War Time at Rofford House in Thorley Road
Now during the war, Rofford House in Thorley Road was used by service men. One day Granny Hunt and Aunt Alice and I were sitting in the kitchen at Downs View, Thorley Road, when suddenly the back door opened and two young men with shirts over their arms walked into the house, much to our surprise. One looked at Gran and said: ‘ Hello Ma, we are living in Rofford House. Can we borrow your iron?’
The other one explained they were (I think) Canadian. They had dates with two young women that evening, and there were no irons in Rofford House to iron their shirts.
Gran went out to the shed and came back with two flat irons because this is what she used then, and said: ‘They will take a while to heat up, boys, I have to put them on this range.’ Their faces were a picture. ‘What are they, Ma?’ one said. They could not believe it when Gran explained. They had had electric irons for years at home they said.
Gran decided if they tried to use the irons there would be two young ladies, with young men who had shirts full of holes, so she did it for them.

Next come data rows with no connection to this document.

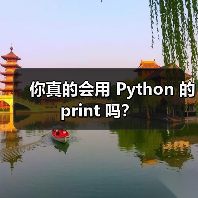 你真的会用 Python 的 print 吗?(图1) 你真的会用 Python 的 print 吗?(图1)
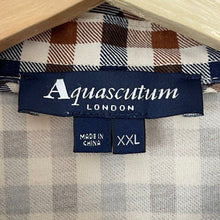 Load image into Gallery viewer, Aquascutum House Check Short Sleeved Polo - Double Extra Large (XXL) PTP 23.5"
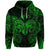 Custom Aries Zodiac Polynesian Zip Hoodie Unique Style Green LT8 - Polynesian Pride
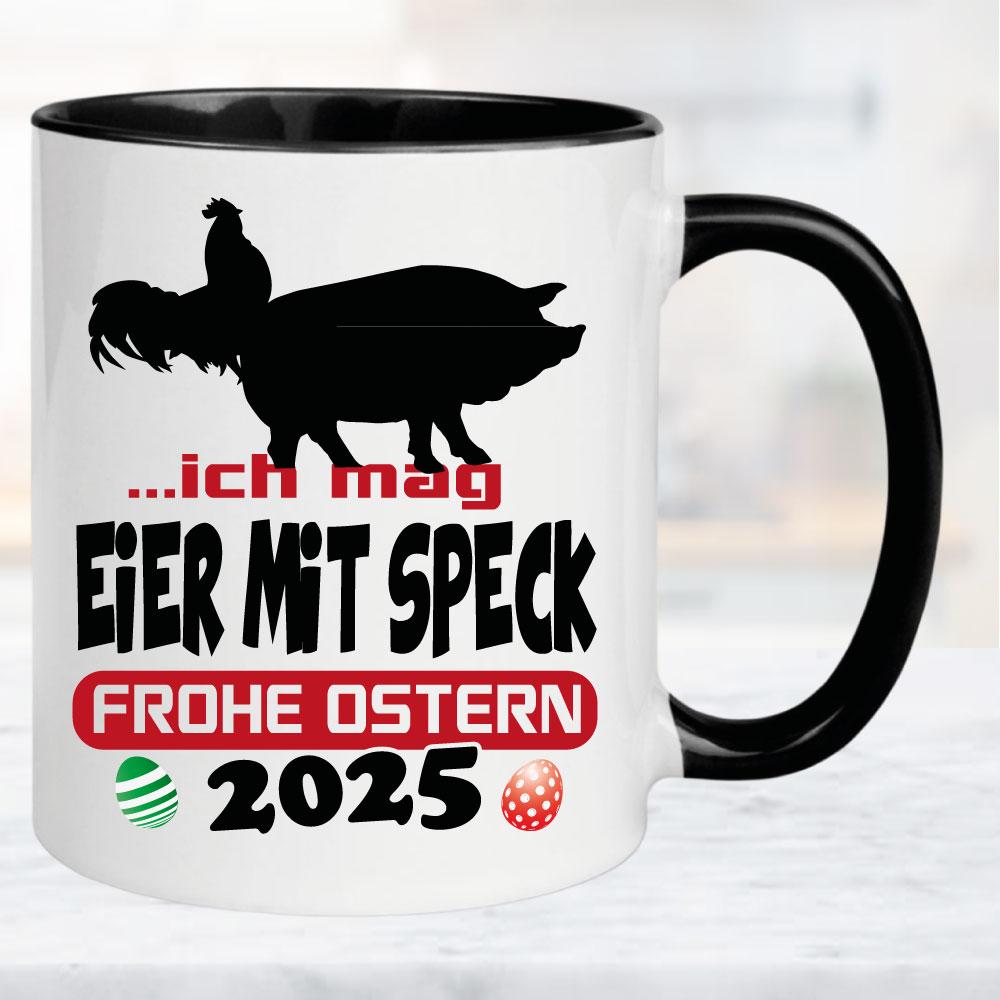 Ostertasse Eier mit Speck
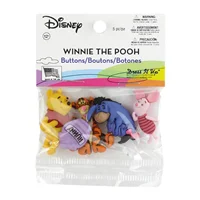 JJ7729 Winne The Pooh Buttons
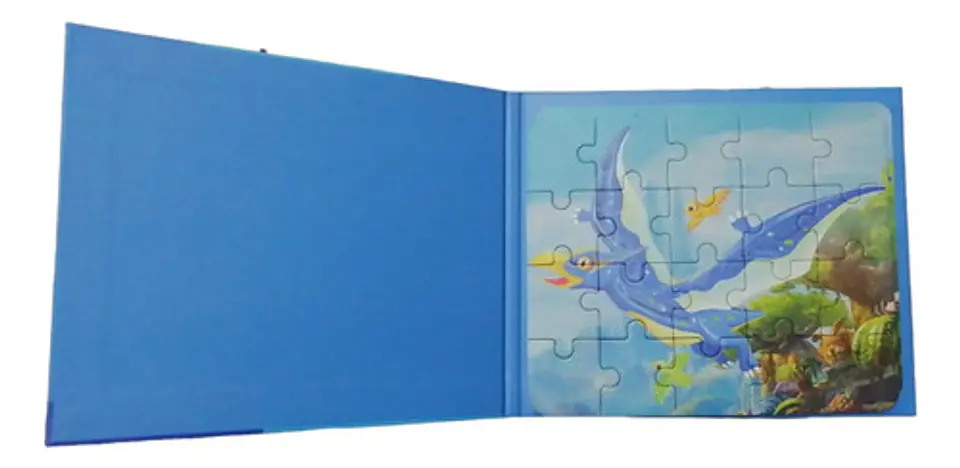 Libro De Rompecabezas Dinosaurios Imanados Niños 5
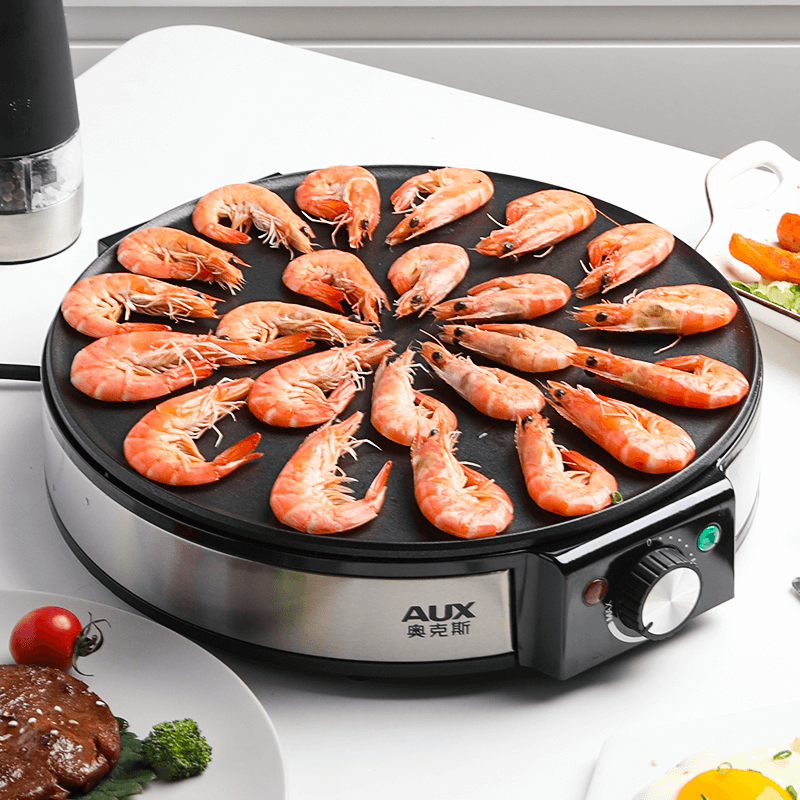 奥克斯煎饼机家用山东杂粮商摆摊电鏊子不粘鸡蛋电饼铛煎饼果子锅-图1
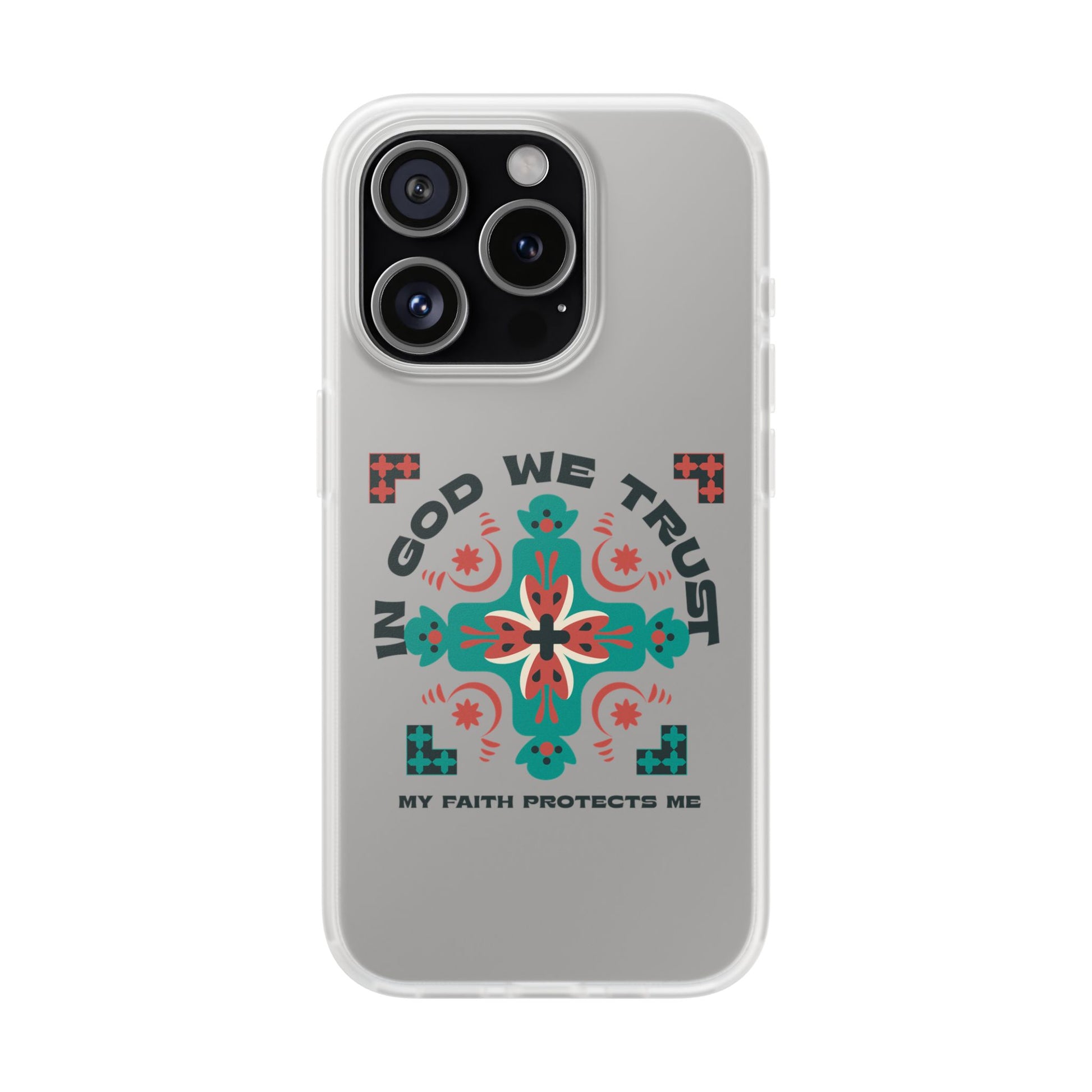 ⭐ In God We Trust Phone Case – Scripture Cross Design
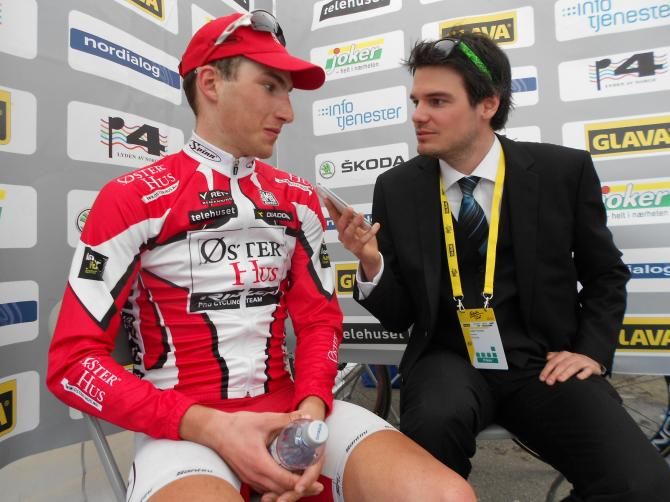 Best young rider Sven Erik Bystrom interviewed by Petter Tenstad of Procycling.no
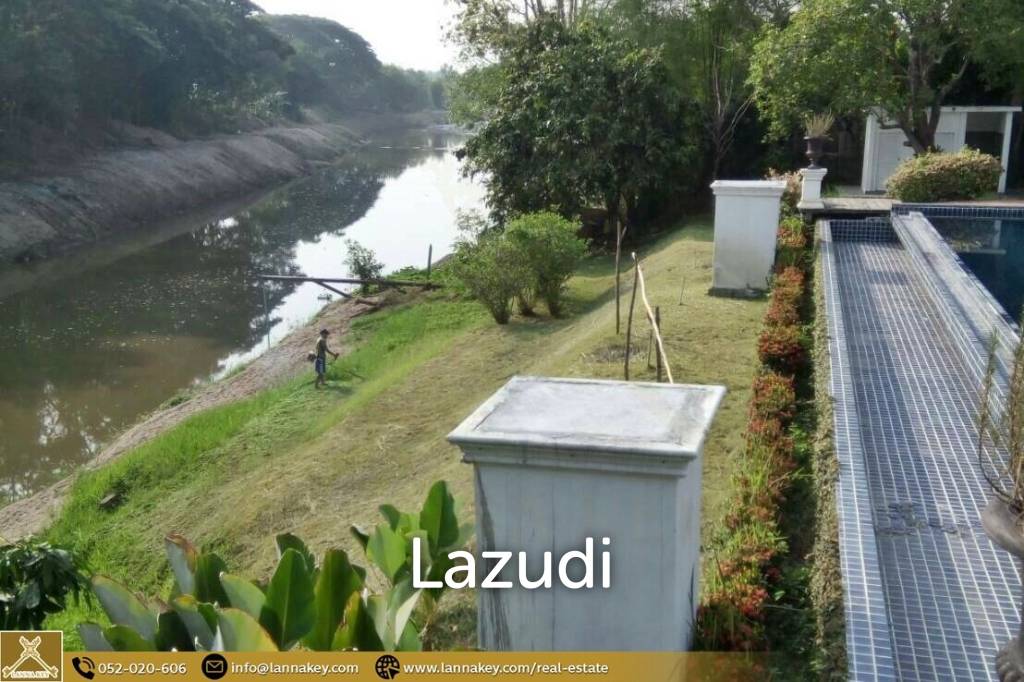 รูป ขายวิลล่าพร้อมสระว่ายน้ำติดกับแม่น้ำปิงในอ.แม่ริม - รูปที่ 5/40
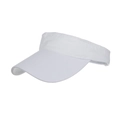 Adjustable white washed cotton sun visor hat for women and men with curved brim - White
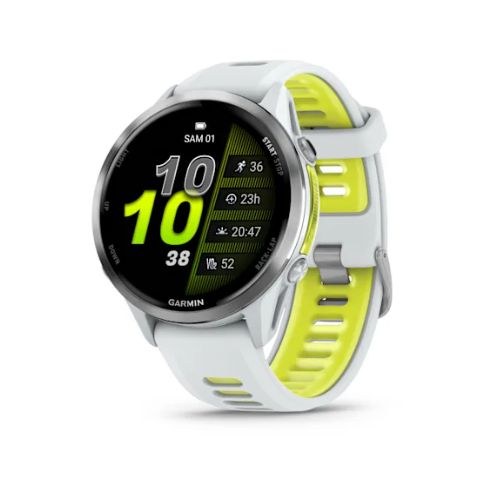 Garmin Forerunner 965 Amoled Titane Blanc et Gris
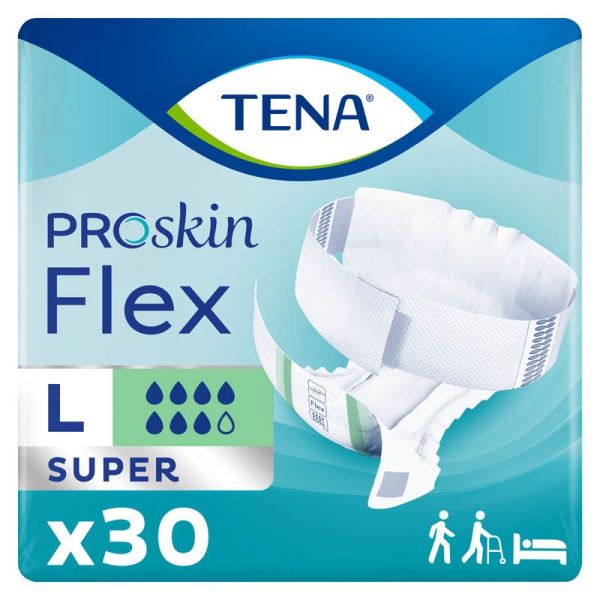 Tena Flex ProSkin Super - Taille L - 30 protections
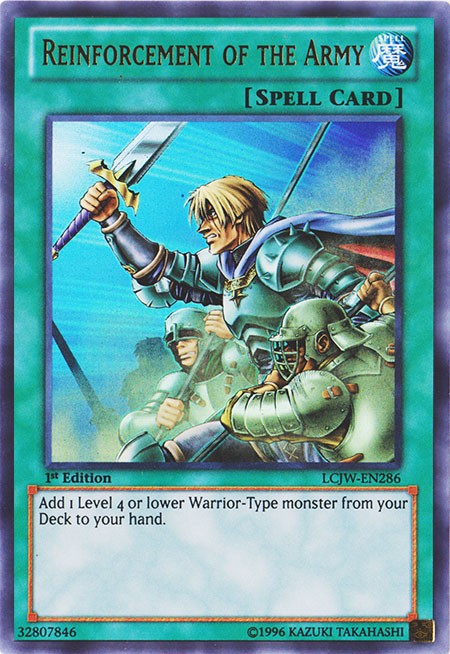 Reinforcement of the Army - LCJW-EN286 - Ultra Rare - 1st Edition available at 401 Games Canada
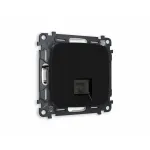 Комплект механизма компьютерной розетки RJ-45(8P8C) CAT6 с защитной шторкой Ambrella Volt MO MO812010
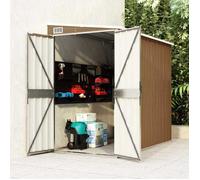 vidaXL Abri de Jardin Mural Abri de Rangement d'Outils Rangement d'Equipement de Jardin Extérieur Marron 118x194x178 cm 316224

Next day they came back and brought Gran several packets of biscuits. She said, ‘I can’t take them, it’s not right when things are rationed.’ They laughed and said they had plenty. Gran did bits of ironing for them and Gran got several lots of biscuits and then one day they came to say they all had to go back to the mainland.
They certainly had a forward approach but they were very nice young men. It seems that people just walked in and out of people’s houses in their home town. It seemed rather strange to us but then lot of things were strange in the war years.